* **EXERCISE REQUIREMENTS**:
For every record that follows, transcribe the text exactly and leave any image out.

=== EXERCISE MATERIAL ===

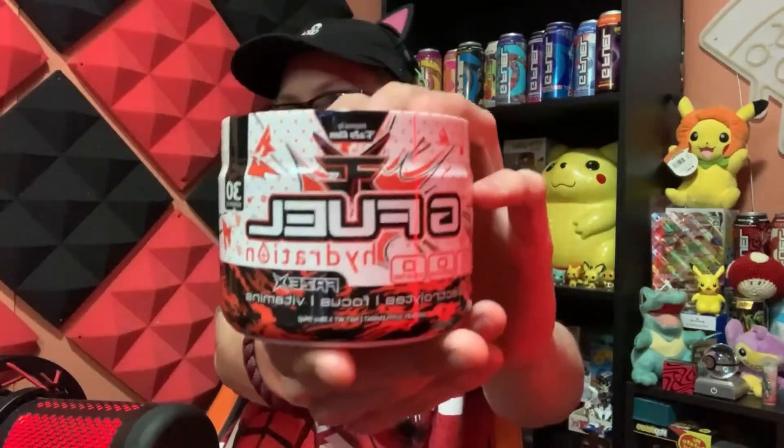We got the G Fuel Phase X Hydration Formula. Sorry if it's backwards — it's just how it is. But it's supposed to be like a frosted citrus cherry. Hopefully it's really, really good.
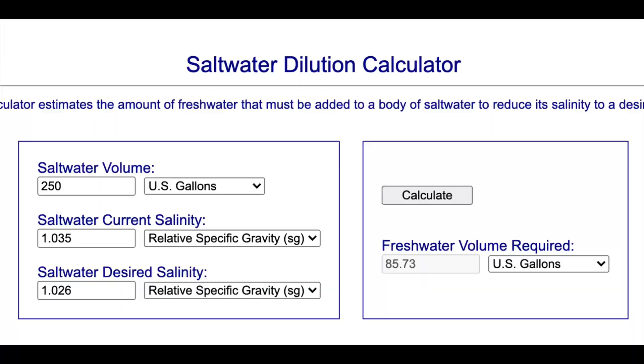When I mixed up my saltwater vat probably six weeks ago, I messed up. I used too much salt — I probably put in an extra small bucket of salt and pushed myself to 1.035 salinity. It's too high. The specific gravity needs to come down. Using Hazmat's calculator, to get from 1.035 to 1.026, I need to add 87 more gallons of RODI to my 250-gallon batch of saltwater.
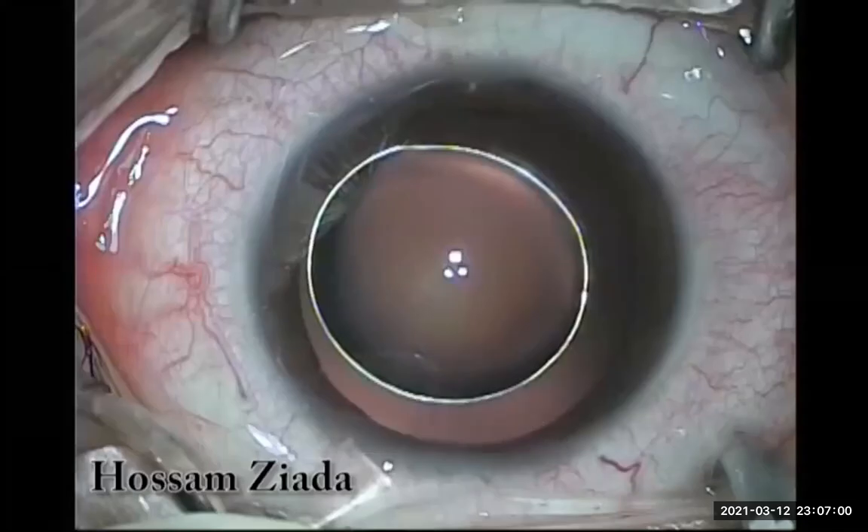Bismillahirrahmanirrahim, assalamu alaikum. Hello everyone, we are today in the academy showing you an interesting case — this lovely ball in the anterior chamber. This patient is a 24-year-old lady who came to my clinic with sudden drop of vision, ocular pain, and headache. On examination, I found this lovely ball which at first look seems like a silicone bubble escaped from the posterior segment into the anterior chamber, in front of the narrow pupil.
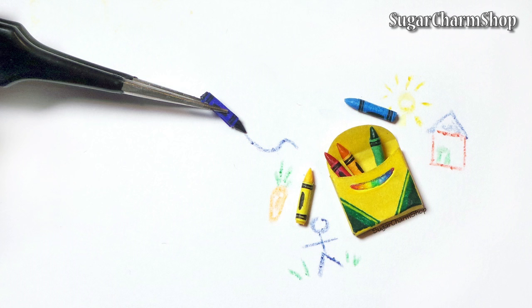Hey guys! Today's tutorial is going to be for something cute and simple: miniature crayons. Hope you'll enjoy!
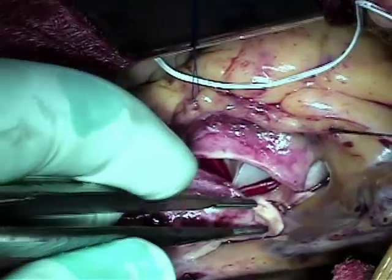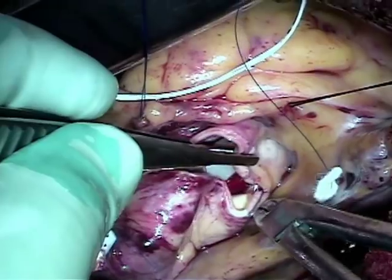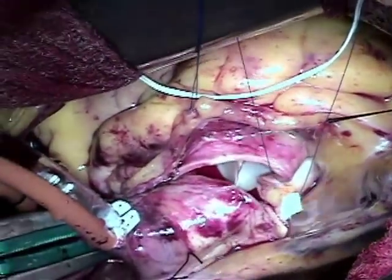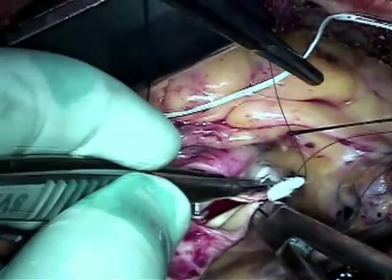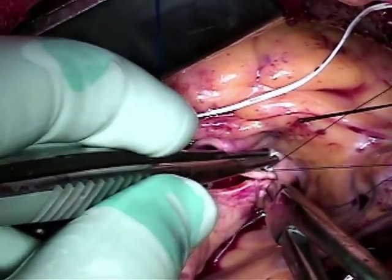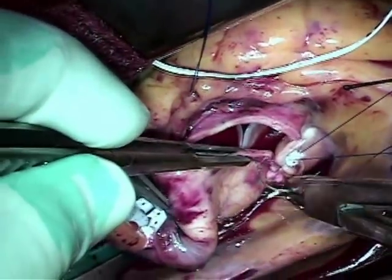The aorta is then repaired. In this patient — a young patient in his 40s who wanted a biological valve — we fully expect that the Inspiris valve is one of the better choices as far as long-term durability.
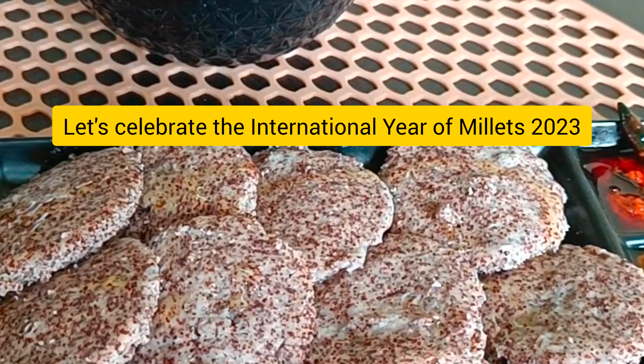Take 2 cups Ragi, 1 cup Urad Dal, 1 cup flattened rice (poha), and 1 tablespoon fenugreek seeds.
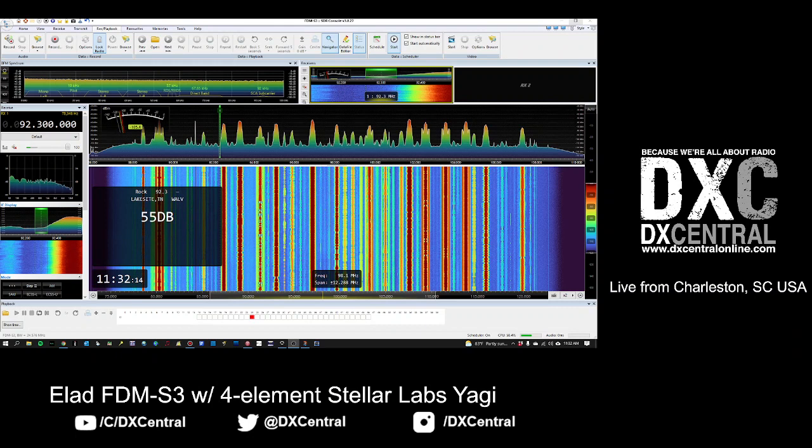Hello fellow DXers, Lloyd Van Horn from DX Central in the shack this afternoon on a warm summer day here in the northern hemisphere. This time of year we're keeping an eye out on the FM band for sporadic-E openings. We have our ELAD FDM-S3 and our four-element Yagi beam sitting there waiting for Es-skip to come in.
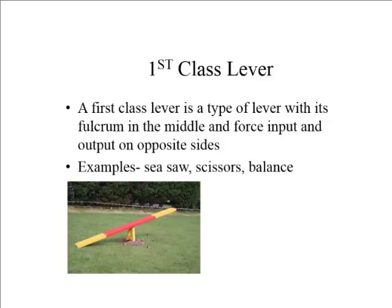On this picture, right there is the fulcrum. On this side I can apply force in, and I will get force out on the other side. Some examples of first class levers are seesaws and scissors.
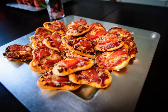Pizetta is typically prepared in the fashion of larger-sized pizza, using a dough, sauce, cheese and various toppings. It is sometimes prepared without a sauce.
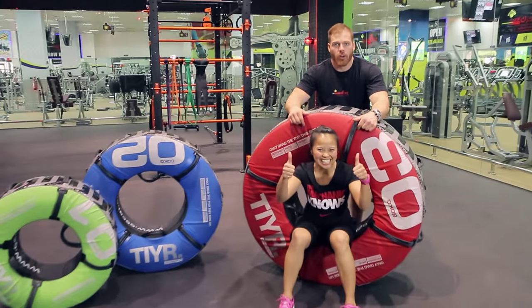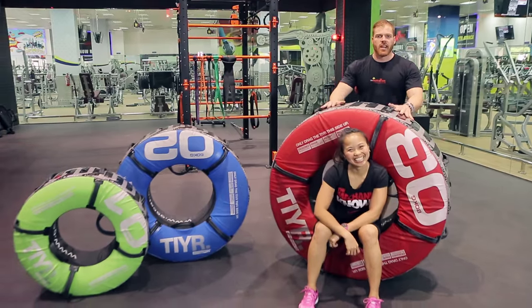Good day, I'm Dave. I'm the Masked Mechanic for the Engine Room. Here's my Mechanic Debbie. Today we're going to be demonstrating the Tire Flip.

===

* **RESULT BELOW**:
We got the G Fuel Phase X Hydration Formula. Sorry if it's backwards — it's just how it is. But it's supposed to be like a frosted citrus cherry. Hopefully it's really, really good.
When I mixed up my saltwater vat probably six weeks ago, I messed up. I used too much salt — I probably put in an extra small bucket of salt and pushed myself to 1.035 salinity. It's too high. The specific gravity needs to come down. Using Hazmat's calculator, to get from 1.035 to 1.026, I need to add 87 more gallons of RODI to my 250-gallon batch of saltwater.
Bismillahirrahmanirrahim, assalamu alaikum. Hello everyone, we are today in the academy showing you an interesting case — this lovely ball in the anterior chamber. This patient is a 24-year-old lady who came to my clinic with sudden drop of vision, ocular pain, and headache. On examination, I found this lovely ball which at first look seems like a silicone bubble escaped from the posterior segment into the anterior chamber, in front of the narrow pupil.
Hey guys! Today's tutorial is going to be for something cute and simple: miniature crayons. Hope you'll enjoy!
The aorta is then repaired. In this patient — a young patient in his 40s who wanted a biological valve — we fully expect that the Inspiris valve is one of the better choices as far as long-term durability.
Take 2 cups Ragi, 1 cup Urad Dal, 1 cup flattened rice (poha), and 1 tablespoon fenugreek seeds.
Hello fellow DXers, Lloyd Van Horn from DX Central in the shack this afternoon on a warm summer day here in the northern hemisphere. This time of year we're keeping an eye out on the FM band for sporadic-E openings. We have our ELAD FDM-S3 and our four-element Yagi beam sitting there waiting for Es-skip to come in.
On this picture, right there is the fulcrum. On this side I can apply force in, and I will get force out on the other side. Some examples of first class levers are seesaws and scissors.
Pizetta is typically prepared in the fashion of larger-sized pizza, using a dough, sauce, cheese and various toppings. It is sometimes prepared without a sauce.
Good day, I'm Dave. I'm the Masked Mechanic for the Engine Room. Here's my Mechanic Debbie. Today we're going to be demonstrating the Tire Flip.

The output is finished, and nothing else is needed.